Roaring Fork School District RE-1 (RFSD) is a school district headquartered in Carbondale, Colorado.

==History==

In May 2022 Jesus Rodríguez became the superintendent. On October 25, 2023, Rodríguez left his position.

Anna Cole, previously the interim superintendent, became the established superintendent in 2024. Her contract is for three years.

==District boundary==
In Garfield County, the district includes the municipalities of Carbondale and Glenwood Springs and the census-designated places of Catherine, Cattle Creek, Chacra, Mulford, and No Name.

In Eagle County, the district includes El Jebel CDP and that county's portion of the town of Basalt.
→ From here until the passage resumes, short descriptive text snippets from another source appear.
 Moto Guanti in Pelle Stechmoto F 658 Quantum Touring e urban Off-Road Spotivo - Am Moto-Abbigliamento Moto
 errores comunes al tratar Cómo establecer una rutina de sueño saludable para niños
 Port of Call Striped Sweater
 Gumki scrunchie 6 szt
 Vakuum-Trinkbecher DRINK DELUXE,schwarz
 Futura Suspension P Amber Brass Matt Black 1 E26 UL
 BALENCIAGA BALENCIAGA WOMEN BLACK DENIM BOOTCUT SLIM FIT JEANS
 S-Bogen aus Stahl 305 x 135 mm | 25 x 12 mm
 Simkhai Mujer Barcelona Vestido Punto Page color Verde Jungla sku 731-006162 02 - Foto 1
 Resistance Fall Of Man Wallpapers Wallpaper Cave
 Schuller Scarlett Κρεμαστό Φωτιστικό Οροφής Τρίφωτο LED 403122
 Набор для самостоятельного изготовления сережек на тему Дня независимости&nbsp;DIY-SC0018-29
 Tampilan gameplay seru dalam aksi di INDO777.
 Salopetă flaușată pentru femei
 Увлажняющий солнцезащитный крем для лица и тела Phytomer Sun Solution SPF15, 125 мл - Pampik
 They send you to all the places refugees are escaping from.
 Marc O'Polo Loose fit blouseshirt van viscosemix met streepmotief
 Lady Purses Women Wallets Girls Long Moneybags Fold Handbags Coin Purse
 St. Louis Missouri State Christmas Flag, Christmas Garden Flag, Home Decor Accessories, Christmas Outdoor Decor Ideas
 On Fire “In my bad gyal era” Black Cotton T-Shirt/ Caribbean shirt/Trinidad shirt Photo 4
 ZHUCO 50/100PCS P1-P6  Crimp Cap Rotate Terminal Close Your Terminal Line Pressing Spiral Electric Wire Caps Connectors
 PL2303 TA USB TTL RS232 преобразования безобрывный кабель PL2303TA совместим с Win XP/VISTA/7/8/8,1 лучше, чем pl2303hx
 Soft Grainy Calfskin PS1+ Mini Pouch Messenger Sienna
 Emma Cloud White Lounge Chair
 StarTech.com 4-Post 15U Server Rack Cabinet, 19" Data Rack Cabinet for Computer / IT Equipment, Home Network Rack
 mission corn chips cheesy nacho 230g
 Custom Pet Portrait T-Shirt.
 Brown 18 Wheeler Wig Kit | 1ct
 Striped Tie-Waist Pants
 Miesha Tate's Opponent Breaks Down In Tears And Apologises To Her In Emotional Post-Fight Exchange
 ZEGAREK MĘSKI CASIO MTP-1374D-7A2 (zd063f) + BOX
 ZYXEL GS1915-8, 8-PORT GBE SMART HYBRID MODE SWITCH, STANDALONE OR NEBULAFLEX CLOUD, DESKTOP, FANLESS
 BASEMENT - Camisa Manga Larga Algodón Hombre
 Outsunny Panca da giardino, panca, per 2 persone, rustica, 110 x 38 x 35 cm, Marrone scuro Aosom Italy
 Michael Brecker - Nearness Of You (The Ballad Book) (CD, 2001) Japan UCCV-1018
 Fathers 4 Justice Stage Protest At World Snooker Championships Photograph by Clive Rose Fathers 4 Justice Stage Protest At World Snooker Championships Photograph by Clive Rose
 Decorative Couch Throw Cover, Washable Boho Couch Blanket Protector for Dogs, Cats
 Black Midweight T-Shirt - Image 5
In Pitkin County, the district includes parts of the municipality of Snowmass Village and the CDPs of Norrie and Redstone as well as the remainder of Basalt town.

==Schools==
- High schools
- Basalt High School
- Glenwood Springs High School
- Roaring Fork High School (Carbondale)
- Bridges High School (alternative, grades 11-12), in Carbondale

- PreK-8 schools
- Carbondale Community School
- Riverview School (Glenwood Springs)

- Middle schools
- Basalt Middle School (grades 5-8)
- Carbondale Middle School (grades 5-8)
- Glenwood Springs Middle School (grades 6-8)

- Elementary schools
- Basalt Elementary School (preschool-grade 4)
- Crystal River Elementary School (Carbondale) (grades K-4)
- Glenwood Springs Elementary School (grades PreK-5)
- Sopris Elementary School (Glenwood Springs) (grades K-5)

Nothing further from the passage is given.